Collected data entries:
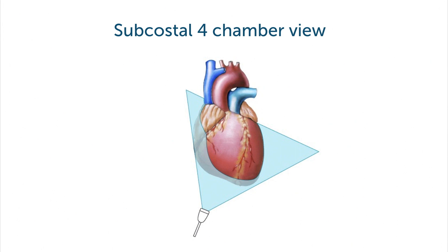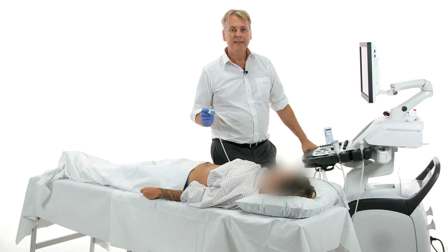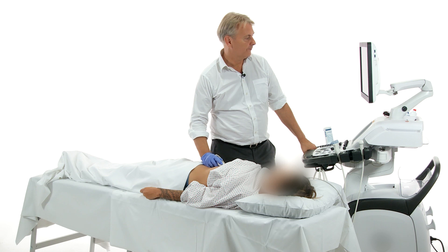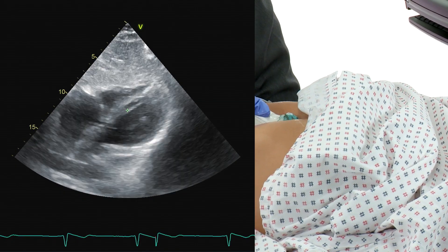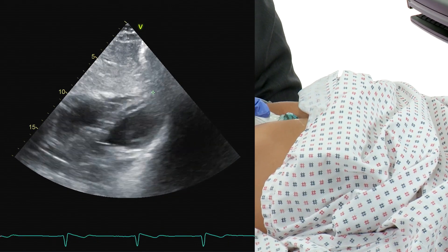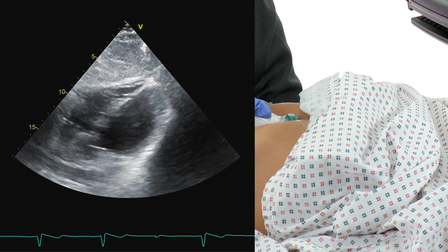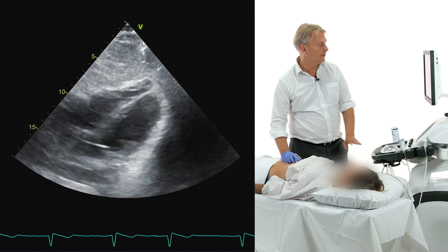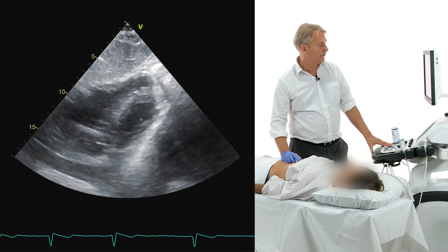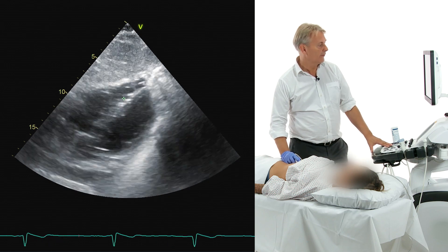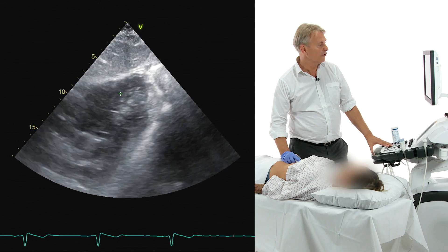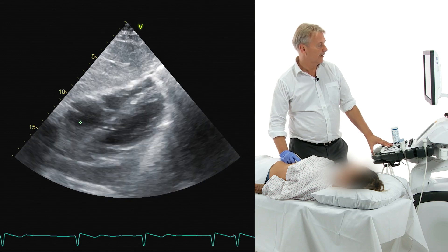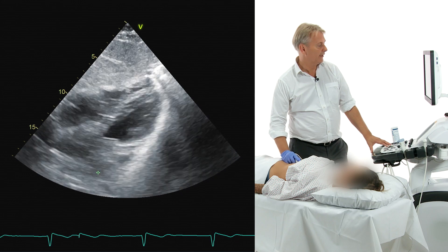Now to the four chamber view. Let's take a closer look at the four chamber view from a subcostal window. It looks quite similar to the apical four chamber view, only that the septum is now oriented more towards the right. This is because we are imaging from a medial position. You have the left ventricle here and the right ventricle right here, closer to the transducer. This is the right atrium, and here we have the left atrium.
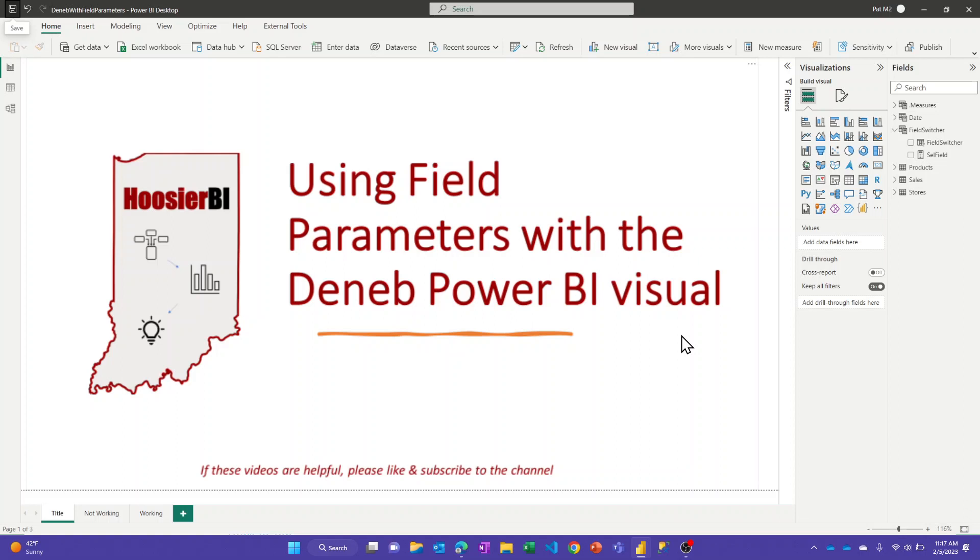Alright, should be a short video this time, again on the Deneb visual. Got a question this week asking if you could use field parameters with the Deneb visual, and so I did a quick search to see if someone had already figured this out. I did see a couple community posts related to this that showed me Daniel Marsh-Patrick is planning to add this functionality to a future release of the visual, but I thought I'd make this quick video to share the temporary workaround for how to use this today.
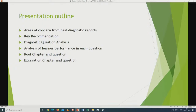The presentation outline covers: first, areas of concern from the past diagnostic report; second, key recommendations. We have done a lot of things across the year, so I'm not going to dwell deep on that. We will also look at diagnostic question analysis and analysis of learner performance in each question, the roof chapter since roof takes about 80 marks of the question paper, and finally the excavation chapter with some questions and memorandums.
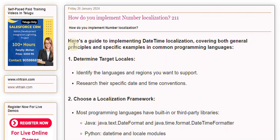Here's a guide to implementing date-time localization, covering both general principles and specific examples in common programming languages.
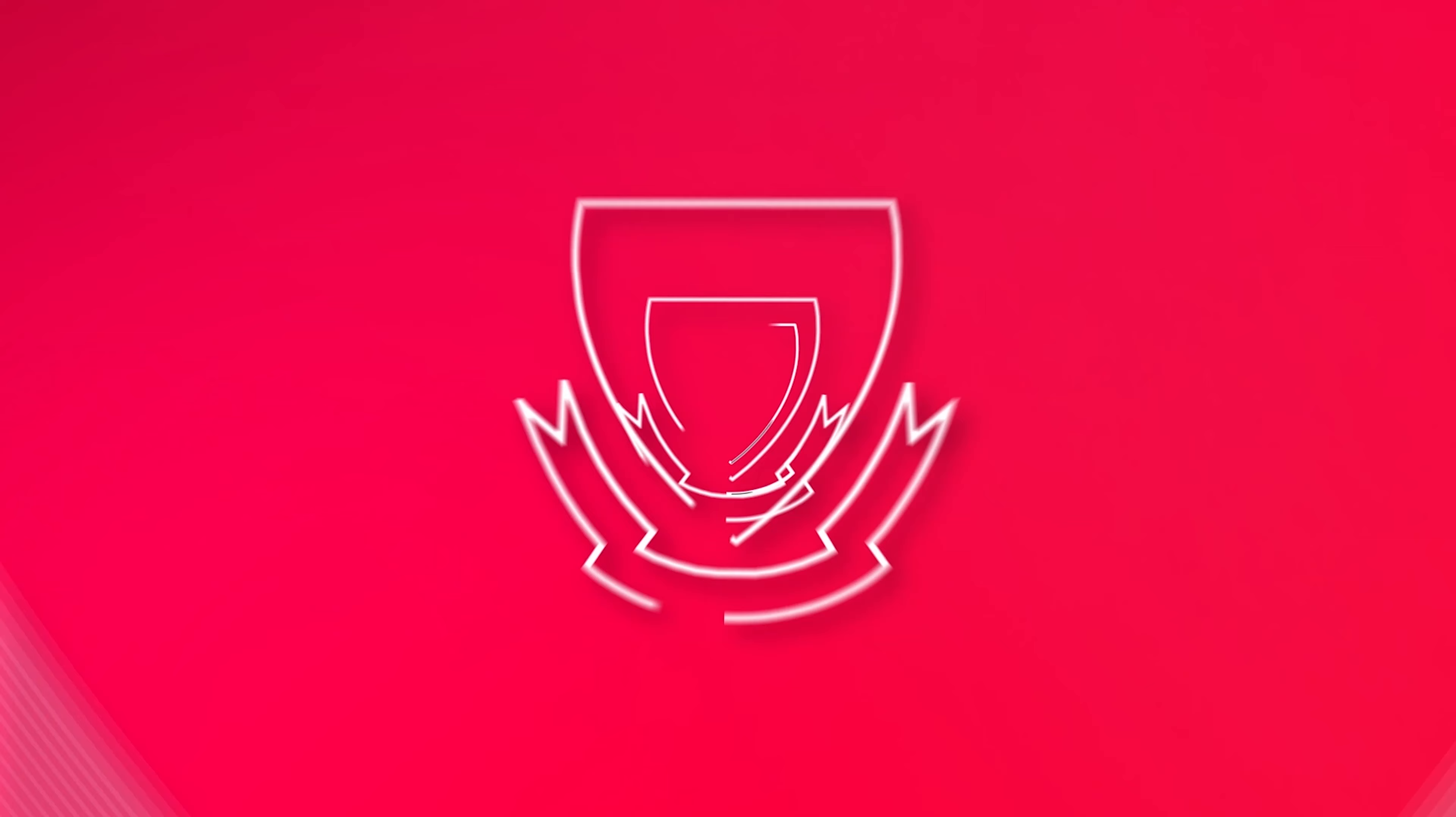Picked up here by Henry, ran a long way, high footy, Sharman!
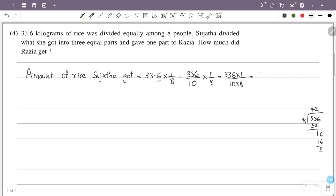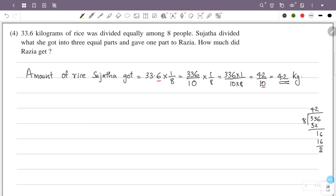336 divided by 8 gives 42, so this is 42 by 10. The numerator is 42, the denominator is 10, so there is one decimal place. The answer is 4.2. So the amount of rice Sujatha received is 4.2 kg.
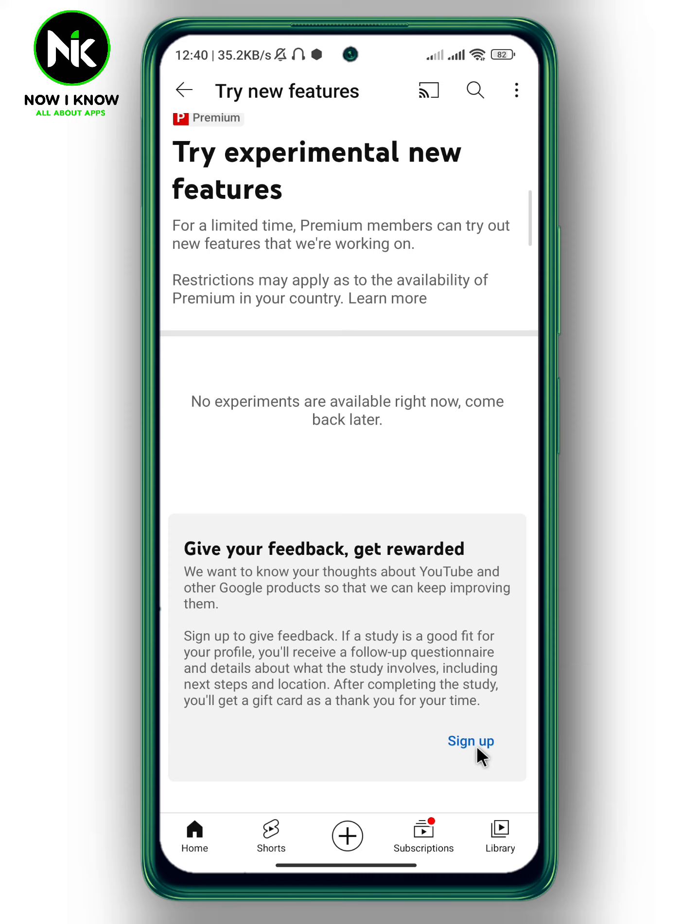And this is it. This is how to get new YouTube updates. Thanks for watching. See ya.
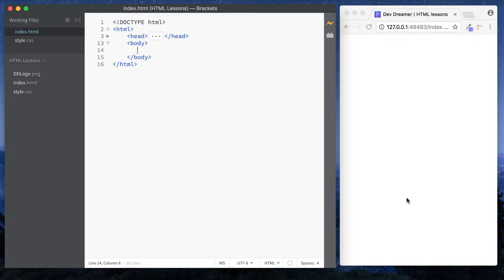It's Amit here and welcome back to DevDreamer. In this lesson we can finally move on and start looking at those different elements we can put onto our web page. Up until this point we've looked at background information of HTML, what HTML actually is, the basic document structure of a file, and also elements and attributes. So now let's move on and look at our first element.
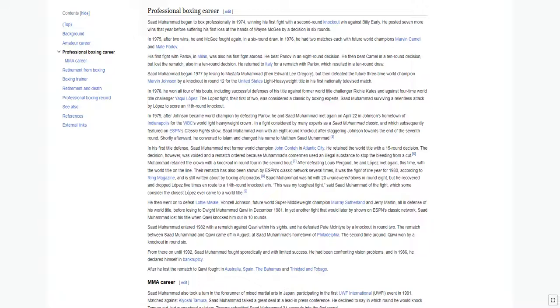In 1976, he had two matches each with future world champions Marvin Camel and Mate Parlov. His first fight with Parlov in Milan was also his first fight abroad. He beat Parlov in an eight-round decision, then beat Camel in a ten-round decision, but lost the rematch, also in a ten-round decision. He returned to Italy for a rematch with Parlov, which resulted in a ten-round draw.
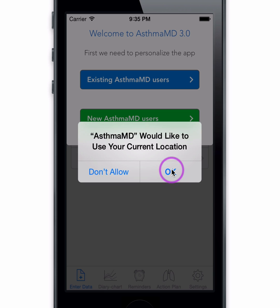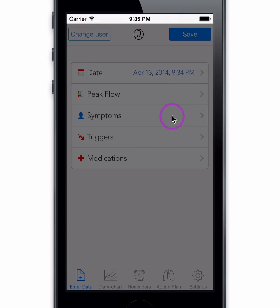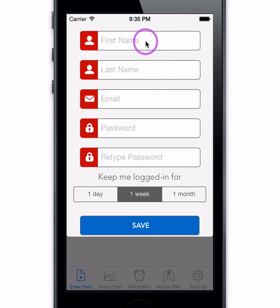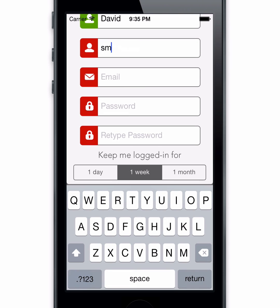When you first start AsthmaMD, be sure to enable your location. This information is very helpful to identify areas with high asthma activity. To personalize your asthma management, first we need to provide AsthmaMD with a few parameters.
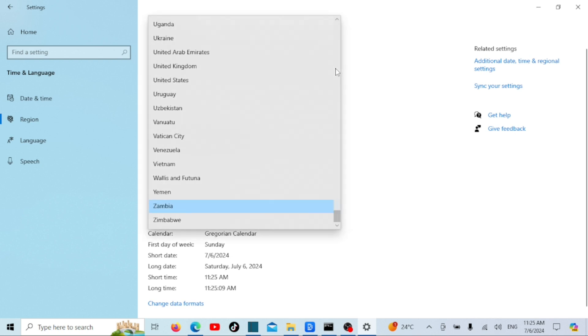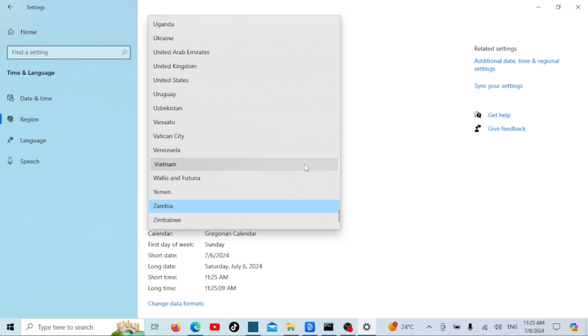Once you've selected your new region, close the settings window. You might need to restart your computer for the changes to take effect fully.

### [Task directions]
With all pictures omitted, return exactly the lines from the one containing "In 1976, he" through the end of the entries above.

### [Task output]
In 1976, he had two matches each with future world champions Marvin Camel and Mate Parlov. His first fight with Parlov in Milan was also his first fight abroad. He beat Parlov in an eight-round decision, then beat Camel in a ten-round decision, but lost the rematch, also in a ten-round decision. He returned to Italy for a rematch with Parlov, which resulted in a ten-round draw.
When you first start AsthmaMD, be sure to enable your location. This information is very helpful to identify areas with high asthma activity. To personalize your asthma management, first we need to provide AsthmaMD with a few parameters.
Once you've selected your new region, close the settings window. You might need to restart your computer for the changes to take effect fully.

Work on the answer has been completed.